→ **TASK DIRECTIONS**
Copy every line of the material exactly as it stands.

━━━ INFORMATION PROVIDED ━━━

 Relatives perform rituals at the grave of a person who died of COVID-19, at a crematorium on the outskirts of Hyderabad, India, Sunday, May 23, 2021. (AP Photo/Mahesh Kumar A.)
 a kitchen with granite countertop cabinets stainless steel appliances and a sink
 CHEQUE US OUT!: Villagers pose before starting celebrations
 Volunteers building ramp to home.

━━━

→ **TASK SOLUTION**
 Relatives perform rituals at the grave of a person who died of COVID-19, at a crematorium on the outskirts of Hyderabad, India, Sunday, May 23, 2021. (AP Photo/Mahesh Kumar A.)
 a kitchen with granite countertop cabinets stainless steel appliances and a sink
 CHEQUE US OUT!: Villagers pose before starting celebrations
 Volunteers building ramp to home.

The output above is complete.